Now we apply the quadratic formula. Let's first make clear what the values will be:

$$ \begin{aligned} a &= 1 \\ b &= -\frac{2}{N} \\ c &= -\frac{1}{N}\ln{\frac{6m_{\mathcal{H}}(2N)}{\delta}} \end{aligned} $$

Now we can get to work:

$$ \begin{aligned} \epsilon & = \frac{\frac{2}{N} \pm \sqrt{(\frac{2}{N})^2 + 4 \cdot \frac{1}{N}\ln{\frac{6m_{\mathcal{H}}(2N)}{\delta}}}}{2} \\\\ & = \frac{1}{N} \pm \frac{1}{N}\sqrt{1+N\ln{\frac{6m_{\mathcal{H}}(2N)}{\delta}}} \end{aligned} $$

We note that the quadratic opens upward since $a > 0$. That means that for $\epsilon$ between the two solutions from each side of the $\pm$, the quadratic will be less than zero. That is

$$ \epsilon_1 \leq \epsilon \leq \epsilon_2 $$

if $\epsilon_1$ is the solution from the minus and $\epsilon_2$ is the solution from the positive.
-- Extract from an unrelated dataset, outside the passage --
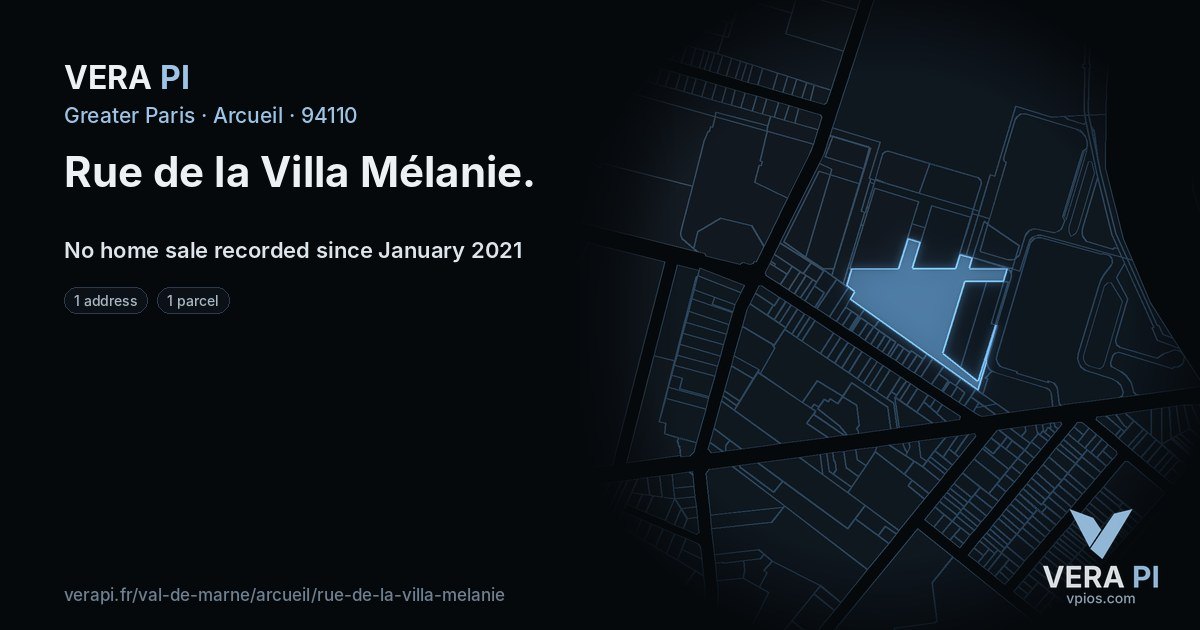 Rue de la Villa Mélanie, Arcueil at night – every parcel coloured by the prices around it, the street's own parcels lit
We only care about an upper bound on $\epsilon$, so we have

$$ \epsilon \leq \frac{1}{N} + \frac{1}{N}\sqrt{1+N\ln{\frac{6m_{\mathcal{H}}(2N)}{\delta}}} $$

We need to substitute in the bound on $m_{\mathcal{H}} \leq N^{d_{vc}}$

$$ \epsilon \leq \frac{1}{N} + \frac{1}{N}\sqrt{1+N\ln{\frac{6m_{\mathcal{H}}(2N)}{\delta}}} $$

becomes

$$ \epsilon \leq \frac{1}{N} + \frac{1}{N}\sqrt{1+N\ln{\frac{6((2N)^{d_{vc}} + 1)}{\delta}}} $$

This is the form of the Parrondo and Van den Broek generalization bound that we will use later. $\blacksquare$

Devroye

$$ \begin{aligned} \epsilon & \leq \sqrt{\frac{1}{2N}(4\epsilon(1+\epsilon) + \ln{\frac{4m_{\mathcal{H}}(N^2)}{\delta}})} \\\\ \epsilon^2 & \leq \frac{1}{2N}(4\epsilon(1+\epsilon) + \ln{\frac{4m_{\mathcal{H}}(N^2)}{\delta}}) \\\\ \epsilon^2 & \leq \frac{1}{2N}(4\epsilon + 4\epsilon^2 + \ln{\frac{4m_{\mathcal{H}}(N^2)}{\delta}}) \\\\ \epsilon^2 & \leq \frac{4}{2N}\epsilon + \frac{4}{2N}\epsilon^2 + \frac{1}{2N}\ln{\frac{4m_{\mathcal{H}}(N^2)}{\delta}} \\\\ (1-\frac{2}{N})\epsilon^2 - \frac{2}{N}\epsilon - \frac{1}{2N}\ln{\frac{4m_{\mathcal{H}}(N^2)}{\delta}} & \leq 0 \end{aligned} $$

Now we are ready to use the quadratic equation with

$$ \begin{aligned} a & = 1-\frac{2}{N} \\ b & = -\frac{2}{N} \\ c & = -\frac{1}{2N}\ln{\frac{4m_{\mathcal{H}}(N^2)}{\delta}} \end{aligned} $$

which yields

$$ \begin{aligned} \epsilon & = \frac{\frac{2}{N} \pm \sqrt{(\frac{2}{N})^2 + 4(1-\frac{2}{N})\frac{1}{2N}\ln{\frac{4m_{\mathcal{H}}(N^2)}{\delta}}}}{2(1-\frac{2}{N})} \\\\ & = \frac{ \frac{2}{N} \pm \sqrt{ (\frac{2}{N})^2 + (\frac{2}{N} - (\frac{2}{N})^2)\ln{\frac{4m_{\mathcal{H}}(N^2)}{\delta}}}}{2-2\cdot\frac{2}{N}} \\\\ & = \frac{ \frac{2}{N} \pm \frac{2}{N}\sqrt{ (1 + (\frac{N}{2}-1)\ln{\frac{4m_{\mathcal{H}}(N^2)}{\delta}}}}{\frac{2}{N}(N-2)} \\\\ & = \frac{ 1 \pm \sqrt{ (1 + (\frac{N}{2}-1)\ln{\frac{4m_{\mathcal{H}}(N^2)}{\delta}}}}{N-2} \\\\ & = \frac{ 2 \pm \sqrt{ (4 + (2N-4)\ln{\frac{4m_{\mathcal{H}}(N^2)}{\delta}}}}{2N-4} \\\\ \end{aligned} $$

I won't explain it here but again we only care about the plus side of the solution pair. We will have to take special care when substituting in the polynomial bound on the growth function for this bound to avoid overflow.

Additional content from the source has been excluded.